I was having all the same issues with my mp4500s. What I did is that I changed the developer of the mp4500 for the 2045 and I changed the toner and the toner motor for a 2045 and now they all are working fine. No more issues. Copy quality is great. I hope this will help you...
We've known about this trick for ages, and yes, it works great. Its just that most of us have no control over what toner gets put in the machines. The customer calls in for supplies and the warehouse ships what they are supposed to use.
Bottom line is Ricoh failed miserably in their response to this problem, and still doesn't have it fully corrected.
73 DE W5SSJ
What's the status on these machines as of now? I've got my only MP4000 starting to give CQ issues, and I believe both the drum and developer are past their life (although I'm not sure - we didn't install it, so we don't know what it got from the beginning).
So I'm ordering the stuff for a PM, and I'd like to get some advice if any - using 2045 parts, although tempting, is not an option, for the reason Shadow1 pointed out.
Cheers!
' "But the salesman said . . ." The salesman's an asshole!'
Mascan42
'You will always find some Eskimo ready to instruct the Congolese on how to cope with heat waves.'
Ibid
I'm just an ex-tech lurking around and spreading disinformation!

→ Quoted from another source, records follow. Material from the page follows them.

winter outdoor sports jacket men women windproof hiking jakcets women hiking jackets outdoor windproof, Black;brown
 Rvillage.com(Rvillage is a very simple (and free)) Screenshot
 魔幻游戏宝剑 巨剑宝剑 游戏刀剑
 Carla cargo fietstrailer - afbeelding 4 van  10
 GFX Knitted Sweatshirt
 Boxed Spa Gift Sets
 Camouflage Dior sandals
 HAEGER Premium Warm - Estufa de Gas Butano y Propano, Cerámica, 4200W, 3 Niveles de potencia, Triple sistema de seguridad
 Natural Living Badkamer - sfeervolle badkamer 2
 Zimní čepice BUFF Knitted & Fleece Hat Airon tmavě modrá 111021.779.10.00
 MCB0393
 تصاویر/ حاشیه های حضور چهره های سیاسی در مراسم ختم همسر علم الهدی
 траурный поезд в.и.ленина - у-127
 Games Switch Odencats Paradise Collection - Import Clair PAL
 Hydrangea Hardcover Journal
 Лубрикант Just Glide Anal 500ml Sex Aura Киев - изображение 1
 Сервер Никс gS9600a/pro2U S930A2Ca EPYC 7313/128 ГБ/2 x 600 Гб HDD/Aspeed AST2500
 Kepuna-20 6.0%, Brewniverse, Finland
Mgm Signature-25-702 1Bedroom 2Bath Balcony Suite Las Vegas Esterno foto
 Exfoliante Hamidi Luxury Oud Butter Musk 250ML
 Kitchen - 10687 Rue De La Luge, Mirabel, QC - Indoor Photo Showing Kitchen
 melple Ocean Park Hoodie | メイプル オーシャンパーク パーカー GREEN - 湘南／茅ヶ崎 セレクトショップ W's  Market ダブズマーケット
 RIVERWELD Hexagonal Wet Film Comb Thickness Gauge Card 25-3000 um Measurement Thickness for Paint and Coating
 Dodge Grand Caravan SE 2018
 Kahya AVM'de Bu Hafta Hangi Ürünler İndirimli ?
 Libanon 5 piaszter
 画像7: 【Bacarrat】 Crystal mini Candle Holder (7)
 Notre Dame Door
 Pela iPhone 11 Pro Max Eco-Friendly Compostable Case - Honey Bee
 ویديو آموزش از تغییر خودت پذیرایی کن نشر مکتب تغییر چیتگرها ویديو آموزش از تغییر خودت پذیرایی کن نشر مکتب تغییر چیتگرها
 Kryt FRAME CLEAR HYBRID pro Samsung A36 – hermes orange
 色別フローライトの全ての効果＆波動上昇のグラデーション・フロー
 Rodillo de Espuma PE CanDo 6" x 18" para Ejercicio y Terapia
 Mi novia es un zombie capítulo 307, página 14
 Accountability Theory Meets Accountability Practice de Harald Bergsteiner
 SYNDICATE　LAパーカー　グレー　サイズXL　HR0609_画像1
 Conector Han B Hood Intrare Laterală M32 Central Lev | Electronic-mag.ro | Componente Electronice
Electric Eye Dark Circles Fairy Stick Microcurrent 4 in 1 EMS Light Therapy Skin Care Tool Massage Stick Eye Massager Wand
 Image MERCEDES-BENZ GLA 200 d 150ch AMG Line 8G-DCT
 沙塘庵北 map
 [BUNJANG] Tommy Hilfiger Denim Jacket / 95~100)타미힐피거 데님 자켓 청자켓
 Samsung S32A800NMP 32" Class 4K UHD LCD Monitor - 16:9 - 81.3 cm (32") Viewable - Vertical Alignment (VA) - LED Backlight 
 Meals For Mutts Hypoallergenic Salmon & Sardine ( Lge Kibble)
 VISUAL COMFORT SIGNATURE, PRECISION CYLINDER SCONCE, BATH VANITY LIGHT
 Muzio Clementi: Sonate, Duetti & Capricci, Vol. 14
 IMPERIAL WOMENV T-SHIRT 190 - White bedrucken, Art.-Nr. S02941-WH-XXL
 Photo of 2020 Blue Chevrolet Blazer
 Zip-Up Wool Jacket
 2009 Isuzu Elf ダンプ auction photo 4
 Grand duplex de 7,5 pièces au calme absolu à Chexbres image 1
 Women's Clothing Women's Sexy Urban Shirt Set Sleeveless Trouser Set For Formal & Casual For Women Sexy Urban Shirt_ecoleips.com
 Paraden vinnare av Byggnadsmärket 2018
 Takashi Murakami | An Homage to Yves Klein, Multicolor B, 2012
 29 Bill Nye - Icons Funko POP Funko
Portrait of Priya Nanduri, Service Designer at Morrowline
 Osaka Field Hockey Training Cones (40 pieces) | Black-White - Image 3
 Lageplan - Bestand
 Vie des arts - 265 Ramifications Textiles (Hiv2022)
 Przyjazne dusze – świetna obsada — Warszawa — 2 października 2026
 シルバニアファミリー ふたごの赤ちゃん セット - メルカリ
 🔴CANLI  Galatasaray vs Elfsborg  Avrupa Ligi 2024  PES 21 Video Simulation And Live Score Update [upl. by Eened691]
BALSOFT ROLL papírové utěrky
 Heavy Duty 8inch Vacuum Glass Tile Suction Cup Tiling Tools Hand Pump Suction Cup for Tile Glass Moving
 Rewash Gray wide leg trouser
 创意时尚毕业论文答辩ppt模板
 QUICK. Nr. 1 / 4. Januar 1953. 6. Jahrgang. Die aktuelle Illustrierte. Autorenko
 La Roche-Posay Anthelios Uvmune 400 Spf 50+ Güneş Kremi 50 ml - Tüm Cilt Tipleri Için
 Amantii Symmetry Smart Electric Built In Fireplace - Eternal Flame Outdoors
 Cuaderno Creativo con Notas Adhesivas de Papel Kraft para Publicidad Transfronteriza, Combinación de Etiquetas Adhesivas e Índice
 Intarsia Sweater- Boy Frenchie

I can not believe that Ricoh continue to "upgrade" a lousy design like this. The AF450 sucked. The 1045 sucked. The 2045 sucked. The 3045 sucked. The MP4500 sucked and so on. There are fundamental errors in the design. Don't they take a hint?
Adonis must die!
They should have had a larger development unit, with maybe two mag rollers. The PCU unit should have been made bigger, stronger and they should have added a cleaning brush too. Replaced the charge roller with a corona wire and for the fusing unit... they should have added a huge cleaning web - that the user can change. They should have had a major waste toner box (it is after all a lot of empty space in the machine).
And/or they should have sent a few industrial spies to Kyocera and copied their smaller B/W solutions.
We managed to stop our salesmen from selling the MP4000 series, after they had delivered one model. We have more service calls on this model then we have on 10 Kyocera B/W copiers. If I have a bit of luck we can replace this model for a MP6xxx from Ricoh.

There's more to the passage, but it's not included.